Optimizing for Categories – SEO Tips for eCommerce Sites
One of the biggest opportunities in the world of eCommerce SEO is optimizing product categories. This is something that is often neglected. While everyone optimizes their pages for specific products, they do not optimize the general categories for which those products apply.
I’ll give you an example, for instance “energy efficient air conditioners”. Chances are, if you’re searching for that term, you want to buy one. Let’s look at the top 10 results for this term.
energystar.gov: not selling the product
energy.gov: not selling the product
smarterhouse.org: not selling the product
treehugger.com: not selling the product
lennox.com: not selling the product
www.york.com: not selling the product
sparkenergy.com: not selling the product
rheem.com: not selling the product
I didn’t see a page that actually tried to sell energy efficient air conditioners until I got to amazon.com, ranked at #20. The title of that Amazon page is this: “Best Sellers in Energy Star Qualified Air Conditioners”. It has the words “energy”, and “air conditioners”, but skipped out on the word “efficient”.
You’ll find that none of the top 20 results are actually optimized for the term “energy efficient air conditioners”. The closest was this comical page, which purports to tell you “How to Buy a New, Energy-Efficient Central Air Conditioner”, yet on the page itself you find none for sale.
You don’t have to rank well to do well with this term. I can tell you that a page that showed the top 10 related products on Amazon would make a decent profit, even if it’s ranked #8 – simply because people will go through all the various organic listings looking for a product to buy, and come up empty handed as they move down the listings.
What is going on here? Why isn’t Amazon ranked #1, like it is for virtually all products for which they have in stock? The answer is simple, this is a broad “buying-intent” keyword that represents a category of product, instead of an exact product that is for sale.
The Amazon page, which is currently located at #20, doesn’t even have the word “efficient” on the page. If it had optimized for this term in the title, and had the term sprinkled a few times on the page, it would rank #1. Now, let’s take the first product found on that page, a “spt wa-1222s 12 000btu window air conditioner”. Googling for that term, of course, shows Amazon ranked #2.

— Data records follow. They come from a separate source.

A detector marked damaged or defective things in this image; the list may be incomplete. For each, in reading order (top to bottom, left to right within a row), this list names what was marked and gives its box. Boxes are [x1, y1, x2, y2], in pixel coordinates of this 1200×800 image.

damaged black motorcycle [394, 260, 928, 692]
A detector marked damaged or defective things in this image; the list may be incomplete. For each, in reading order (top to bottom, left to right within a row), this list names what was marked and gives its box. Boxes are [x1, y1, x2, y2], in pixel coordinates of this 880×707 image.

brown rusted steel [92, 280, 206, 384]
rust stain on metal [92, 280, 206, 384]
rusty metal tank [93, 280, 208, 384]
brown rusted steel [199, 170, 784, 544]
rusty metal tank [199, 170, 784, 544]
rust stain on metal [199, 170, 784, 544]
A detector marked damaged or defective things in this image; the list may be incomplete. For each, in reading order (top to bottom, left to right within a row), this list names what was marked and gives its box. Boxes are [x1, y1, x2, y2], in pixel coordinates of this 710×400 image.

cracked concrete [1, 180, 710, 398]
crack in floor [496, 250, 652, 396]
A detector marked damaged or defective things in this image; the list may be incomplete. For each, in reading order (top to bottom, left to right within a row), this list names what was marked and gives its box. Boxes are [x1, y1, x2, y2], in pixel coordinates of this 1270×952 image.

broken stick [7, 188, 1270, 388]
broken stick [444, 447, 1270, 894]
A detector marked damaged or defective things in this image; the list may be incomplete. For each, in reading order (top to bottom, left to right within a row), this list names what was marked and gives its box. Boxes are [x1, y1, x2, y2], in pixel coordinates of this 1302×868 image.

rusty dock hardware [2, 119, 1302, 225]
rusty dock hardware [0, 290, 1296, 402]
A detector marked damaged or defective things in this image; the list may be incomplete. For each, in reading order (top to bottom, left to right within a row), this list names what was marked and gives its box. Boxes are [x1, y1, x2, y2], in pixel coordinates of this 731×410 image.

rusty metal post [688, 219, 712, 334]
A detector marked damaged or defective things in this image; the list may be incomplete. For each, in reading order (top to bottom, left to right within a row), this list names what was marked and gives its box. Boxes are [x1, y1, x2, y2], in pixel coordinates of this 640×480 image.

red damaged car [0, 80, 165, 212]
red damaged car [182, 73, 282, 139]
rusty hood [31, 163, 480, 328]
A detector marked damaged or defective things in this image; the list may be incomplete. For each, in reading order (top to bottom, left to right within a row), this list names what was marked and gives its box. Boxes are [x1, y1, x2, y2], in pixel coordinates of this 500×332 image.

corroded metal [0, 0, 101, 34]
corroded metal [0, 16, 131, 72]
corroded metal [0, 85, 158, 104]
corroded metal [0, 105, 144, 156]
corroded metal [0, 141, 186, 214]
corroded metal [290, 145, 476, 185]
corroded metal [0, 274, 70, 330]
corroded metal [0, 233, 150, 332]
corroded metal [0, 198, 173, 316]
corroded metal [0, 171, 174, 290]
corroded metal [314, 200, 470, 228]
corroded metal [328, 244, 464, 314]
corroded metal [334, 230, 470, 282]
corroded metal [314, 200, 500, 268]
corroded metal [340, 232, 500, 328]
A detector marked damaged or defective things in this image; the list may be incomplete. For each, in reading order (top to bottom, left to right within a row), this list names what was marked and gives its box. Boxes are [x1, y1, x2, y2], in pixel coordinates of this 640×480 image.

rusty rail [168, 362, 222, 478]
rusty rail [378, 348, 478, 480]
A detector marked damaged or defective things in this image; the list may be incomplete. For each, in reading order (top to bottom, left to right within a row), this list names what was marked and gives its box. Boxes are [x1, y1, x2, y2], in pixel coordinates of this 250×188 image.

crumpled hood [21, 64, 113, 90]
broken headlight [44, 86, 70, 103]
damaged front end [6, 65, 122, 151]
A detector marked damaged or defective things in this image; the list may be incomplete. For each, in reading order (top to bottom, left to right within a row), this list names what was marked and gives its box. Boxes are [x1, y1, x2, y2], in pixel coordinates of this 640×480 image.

This pattern can be found with nearly every category and product that Amazon ranks for. Whereas the broad category is often badly optimized, the specific products are heavily optimized. What this means to you is that it is a waste of time trying to optimize for specific products. Instead, you want to optimize for broad categories.
There are other advantages when taking this route to creating product pages that are highly profitable. When someone searches for an exact product, they know exactly what they want. As soon as they see that item for sale, they buy it – especially if they see it from Amazon, because the process is rather straight forward from that point, they see Amazon listed at #1, click on the page, buy the item and it’s over. If you’re ranked #2 – you’re out of luck.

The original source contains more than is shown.